# [PROBLEM REQUIREMENTS]
Your task is to return, word for word, only the lines from the line with "Задержанные в Беларуси" through the close of the data. Exclude all pictures.

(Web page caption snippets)

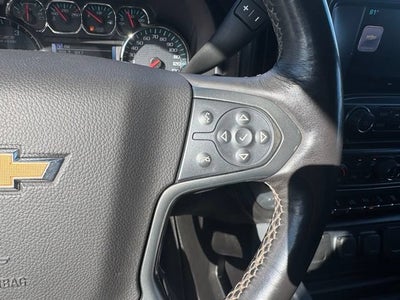 2017 Chevrolet Silverado 3500 HD LTZ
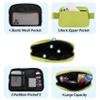 VOROLO Fanny Pack For Women And Men Crossbody Bag Belt Bag with Adjustable Strap Valentines Day Graduation Gifts view 3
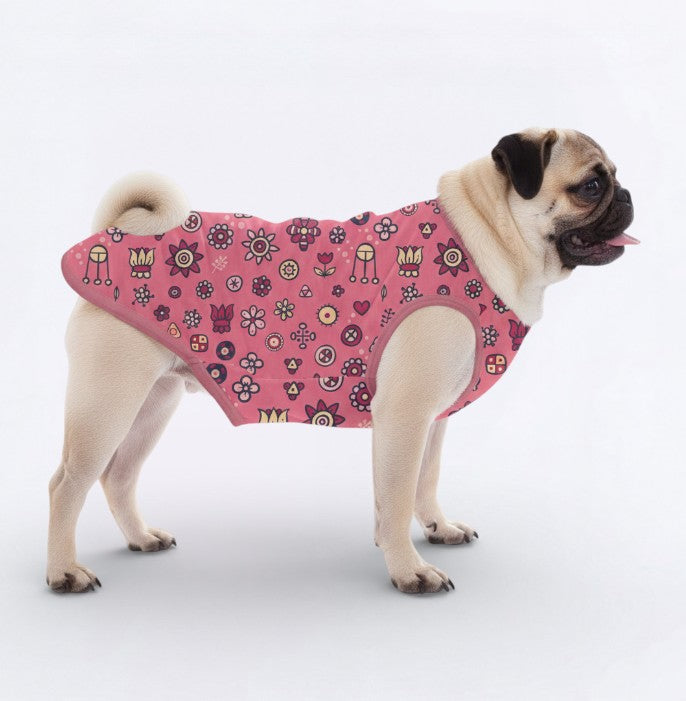 Fiona  – Pug Dog Shirt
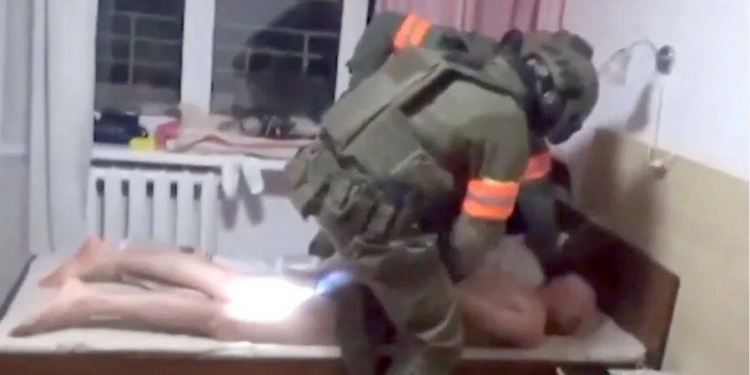 Задержанные в Беларуси российские боевики Вагнера воевали на Донбассе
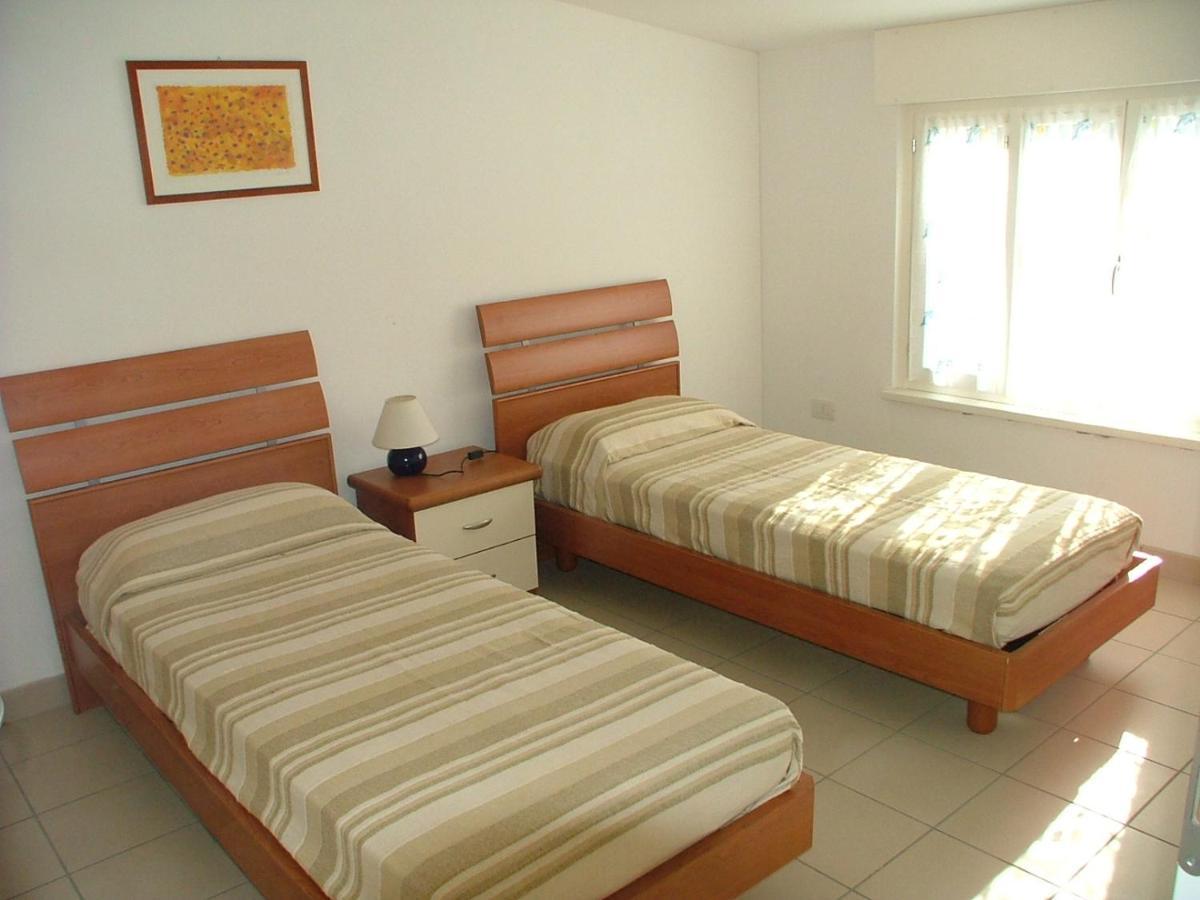 Villa Verdi Apartments Grado Eksteriør billede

# [EXERCISE RESPONSE]
 Задержанные в Беларуси российские боевики Вагнера воевали на Донбассе
 Villa Verdi Apartments Grado Eksteriør billede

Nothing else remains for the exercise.